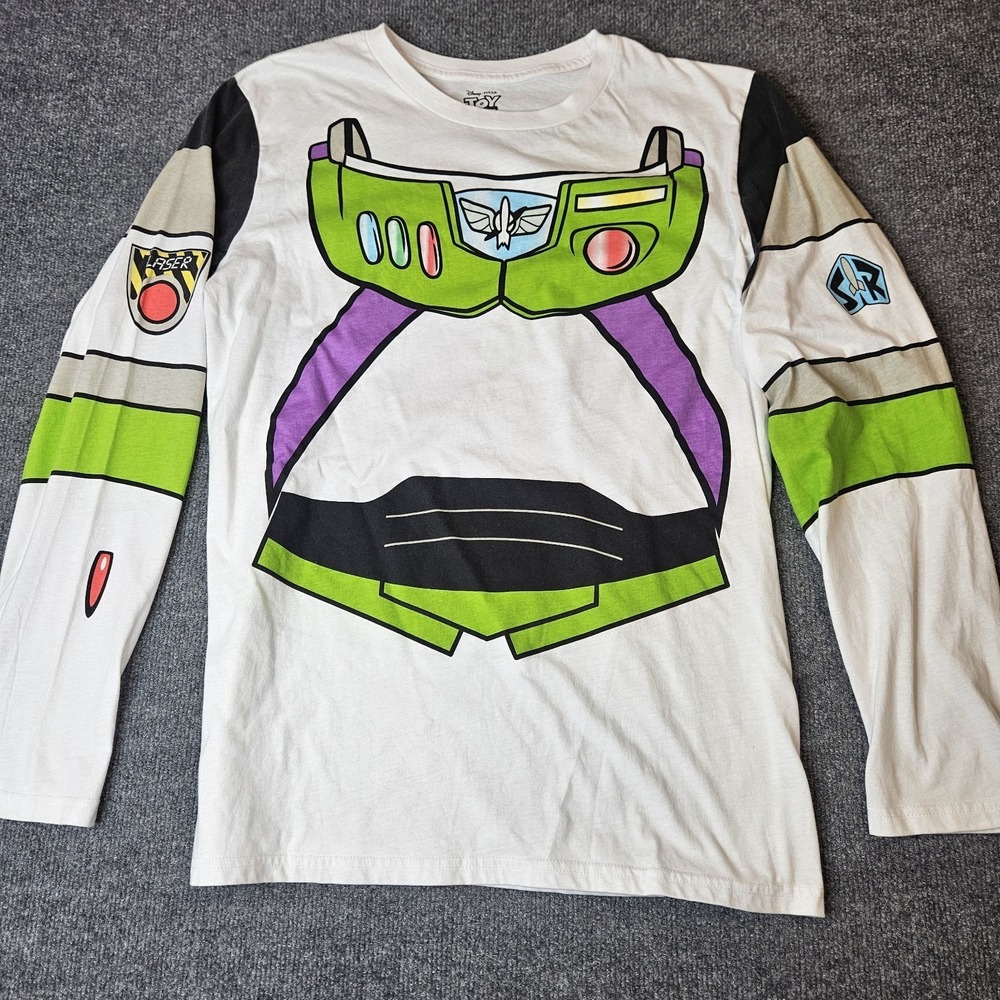 Disney Buzz Lightyear Longsleeve Tshirt Toy Story Size XL Pixar AOP Front & Back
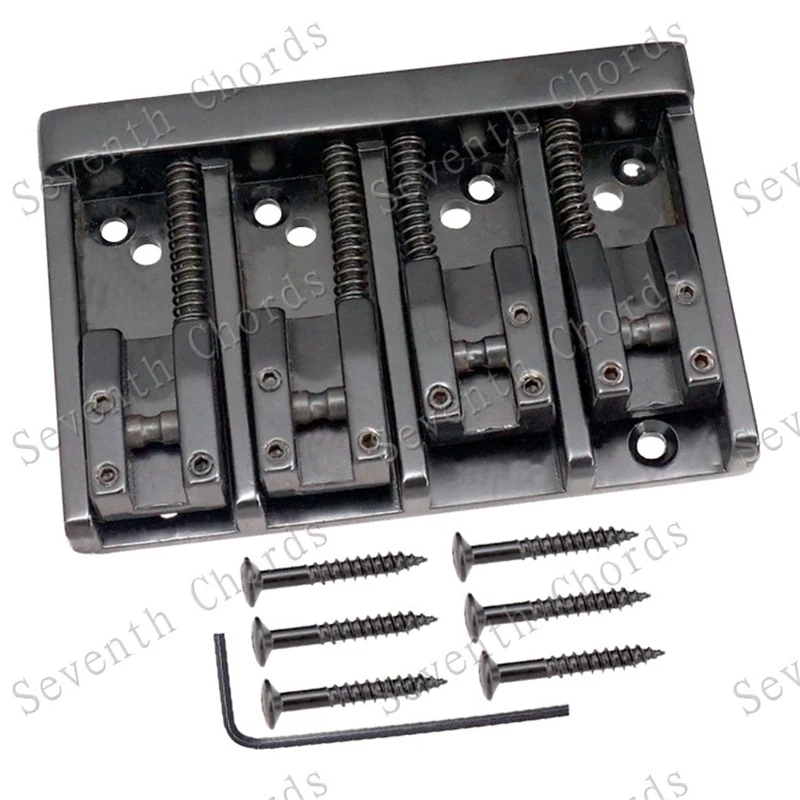 Vintage 4-Saiter Saddle Bass Bridge oder Strings Through Body Musikinstrumentenzubehörteile Gold Silber Schwarz – Detail 7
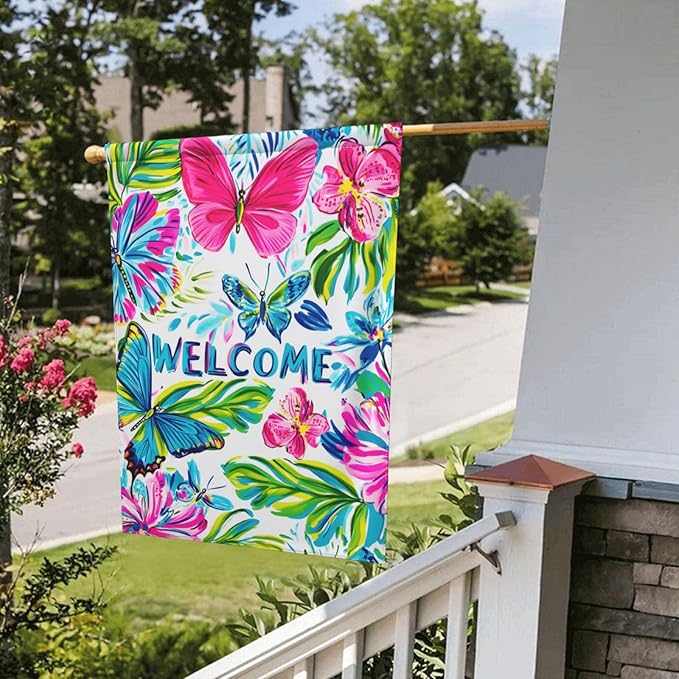 Butterfly Garden Flag Vertical Double Sided Outdoor Yard Flags 12.5x18 Inch Burlap Banners for House Lawn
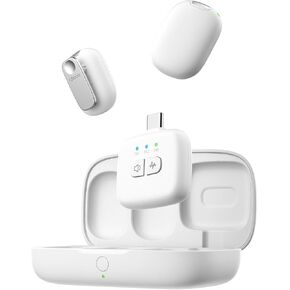 ULANZI A30 Tiny Mic Magnetic (White), Wireless Lavalier Microphone Mini Size, Noise Cancellation, 164 ft Range, 20H Battery Life, Lapel Microphone for Video Recording, DSLR, iPhones, Android, PC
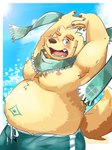 anthro belly blush bottomwear clothing eyebrows fur male moobs nipples one_eye_closed overweight overweight_male scarf shorts smile solo swimwear thick_eyebrows wink yellow_body yellow_fur itatuki_78 lifewonders tokyo_afterschool_summoners cu_sith_(tas) bird_dog canid canine canis domestic_dog golden_retriever hunting_dog mammal retriever 3:4 hi_res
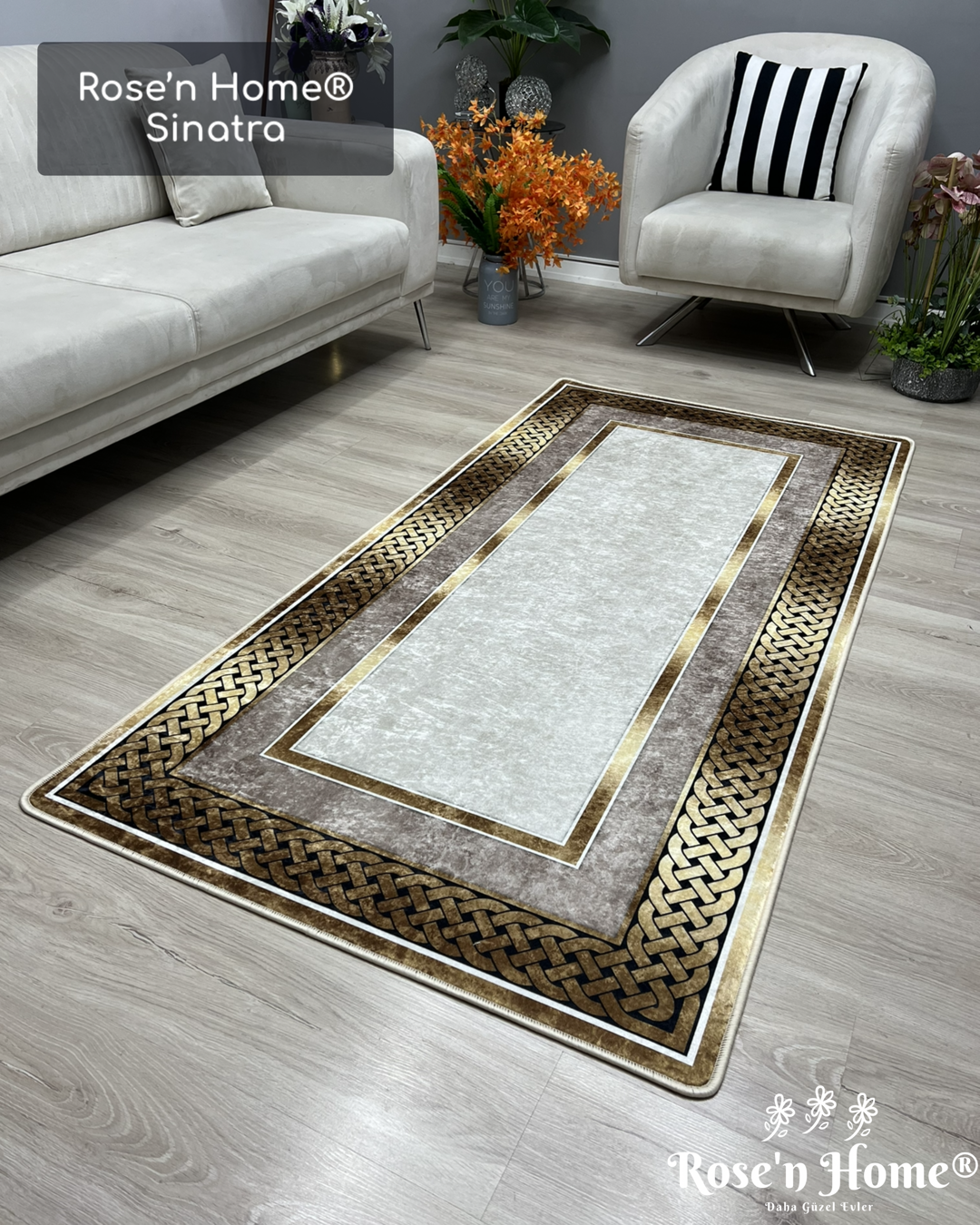SİNATRA GOLD - %100 Pamuk Dokuma Taban Makinede Yıkanabilir Kaymaz Halı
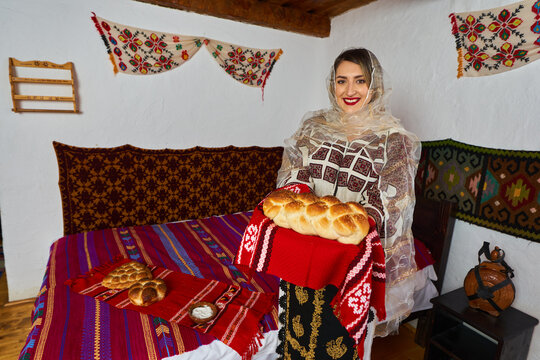 Romanian woman in traditional costume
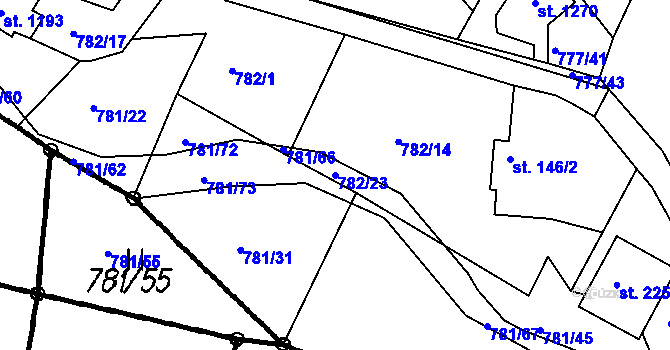 Parcela st. 782/23 v KÚ Čeladná, Katastrální mapa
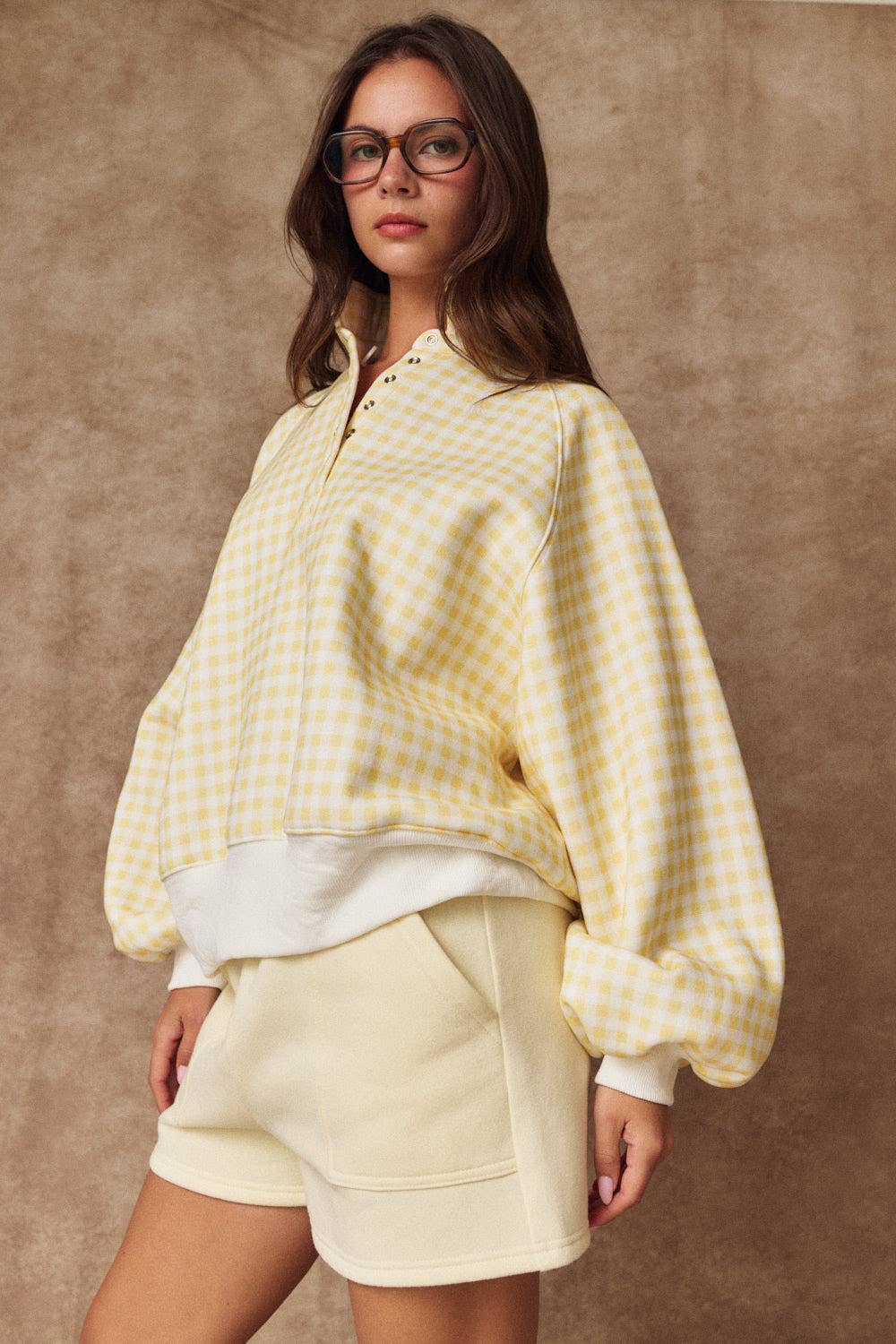 Checked In (Ylw) Gingham Check Pullover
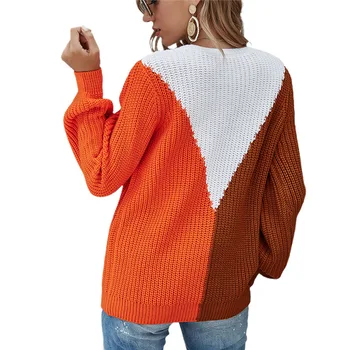 2020 m. rudens žiemos megzti megztinis viršūnes ilgomis rankovėmis puloveriai apvalios kaklo ponios šiltas moterų atsitiktinis mados visas rungtynes laisvas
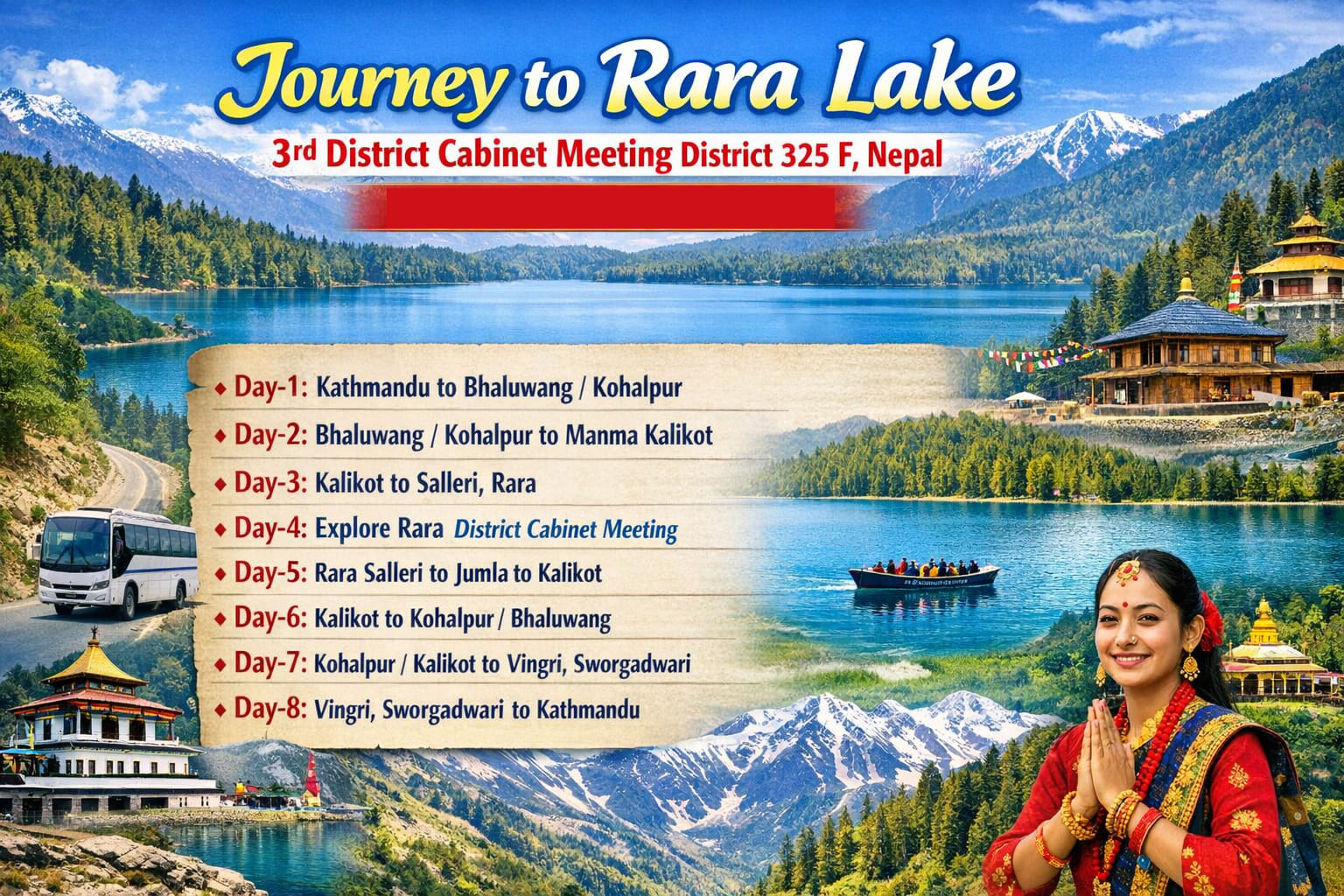 लायन्स अन्तर्राष्ट्रिय डिष्ट्रिक ३२५ एफको तेस्रो क्यबिनेट मिटिङ मुगुको रारामा सम्पन्न हुँदै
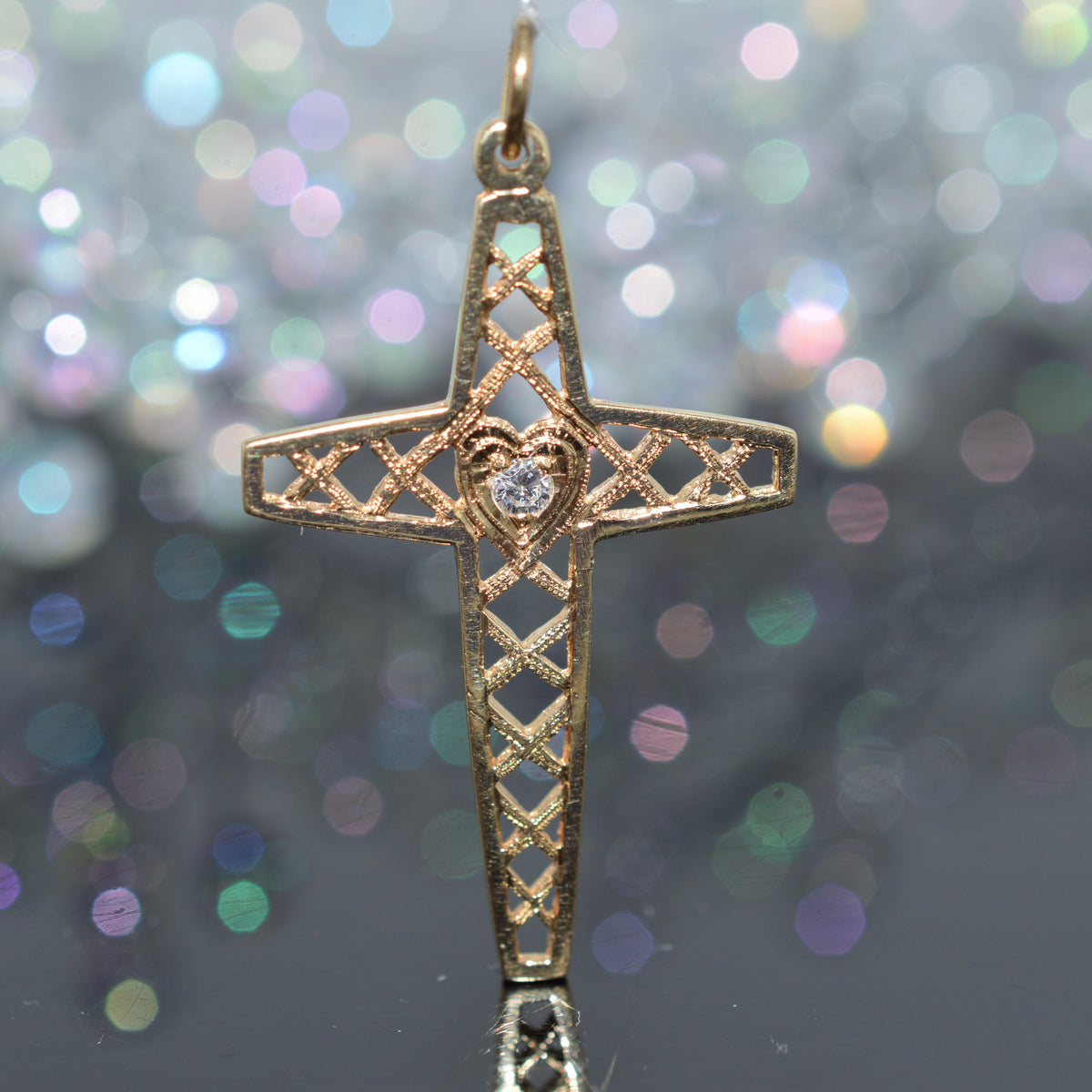 14K Yellow Gold Open Work Cross With Diamond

------------------------------

Write out exactly the lines from the one containing "2020 m. rudens" to the last line of the records above, both included, and leave out any pictures.

 2020 m. rudens žiemos megzti megztinis viršūnes ilgomis rankovėmis puloveriai apvalios kaklo ponios šiltas moterų atsitiktinis mados visas rungtynes laisvas
 लायन्स अन्तर्राष्ट्रिय डिष्ट्रिक ३२५ एफको तेस्रो क्यबिनेट मिटिङ मुगुको रारामा सम्पन्न हुँदै
 14K Yellow Gold Open Work Cross With Diamond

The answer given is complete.